Ruby: The excitement mounts
It was with great excitement that I went to the Post Office yesterday to fetch my two Ruby books that I ordered from Amazon: Programming Ruby and Agile Web Development with Rails. Since starting to delve into Ruby a short while ago, I have fallen head over heels for this once obscure programming language, and the web framework that everyone has been talking about for so long.
It didn’t happen overnight. It must have been two years ago when I first heard about Rails. At that time I wasn’t really interested in what to me was some very inconspicuous web framework, although it is clear that I failed to see all the hype surrounding it then. Gradually though, intensive studies (and perhaps a little of the hype) have finally drilled a hole through my thick skull. I think what slowly brough me round to Ruby and Rails in particular was looking at PHP frameworks like Symfony, and finding so many Rails spinoffs. Everything pointed back to Rails, and I’m glad to say that I ventured onto this path due to serious investigation, and not (just) hype.
I have long pondered the notion, which I picked up several years ago, that scripting languages are highly underrated in the enterprise; an idea that was brought to my attention by some article I read on the internet, but will probably never come across again, although I can’t help but think that it was with reference in particular to Python. This couldn’t be more true in the area of web development.
There was a time when I was highly interested in Java for web development. I poured hours into researching the J2EE specification and several other technologies like Struts, Shale, Spring and Hibernate. I printed out all the accompanying documentation, most of which I have yet to read. Of course, one aspec that always bothered me was that J2EE hosting is much more expensive, and I have a distinct impression that Java-powered websites are slower.

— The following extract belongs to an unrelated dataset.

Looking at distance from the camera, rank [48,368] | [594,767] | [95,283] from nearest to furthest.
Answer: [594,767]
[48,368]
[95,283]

Having come across Rails, I find that I’m looking at myself back then as a completely different person. It’s a far cry from that way of developing web apps, hooking up very complex pieces of software with endless XML configuration files. Not to mention the fact that there is always the compilation aspect; one reason for me why scripting languages are clearly better suited to web development.
I was amused the other day to read again a blog from 2005, entitled “Move over Ruby on Rails, Java can be concise too!“. It was interesting reading the comments, but even more so to read the response blog: “Bla-bla List: Cloning a Rails app in RIFE“. I think it just affirmed my desire to want to immerse myself in Rails rather seriously.

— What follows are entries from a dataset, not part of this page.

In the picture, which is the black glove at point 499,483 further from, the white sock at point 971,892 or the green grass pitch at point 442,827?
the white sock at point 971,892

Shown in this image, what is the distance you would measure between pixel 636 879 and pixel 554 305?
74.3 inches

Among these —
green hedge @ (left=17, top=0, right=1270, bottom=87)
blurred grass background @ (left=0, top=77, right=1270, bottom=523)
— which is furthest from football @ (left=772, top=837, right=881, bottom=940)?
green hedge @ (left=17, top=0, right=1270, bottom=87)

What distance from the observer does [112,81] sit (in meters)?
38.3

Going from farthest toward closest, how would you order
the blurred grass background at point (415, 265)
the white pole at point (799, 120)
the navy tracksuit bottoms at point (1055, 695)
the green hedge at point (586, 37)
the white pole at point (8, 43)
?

(Having said all that, if someone paid me to develop a web app in Java, I would do it with the same vigour and enjoyment as anything else – for me it’s all about the learning experience, and I have the most fun when I can be productive with any technology).
As a footnote, the other day I also found something quite interesting. While reading up again (for probably the fourth time in as many years) on Smalltalk, I came across the Seaside web framework. I found it very intriguing, and I believe that once I overcome my fear and dislike of a Smalltalk environment like Squeak, I can definitely see myself going down that avenue of discovery.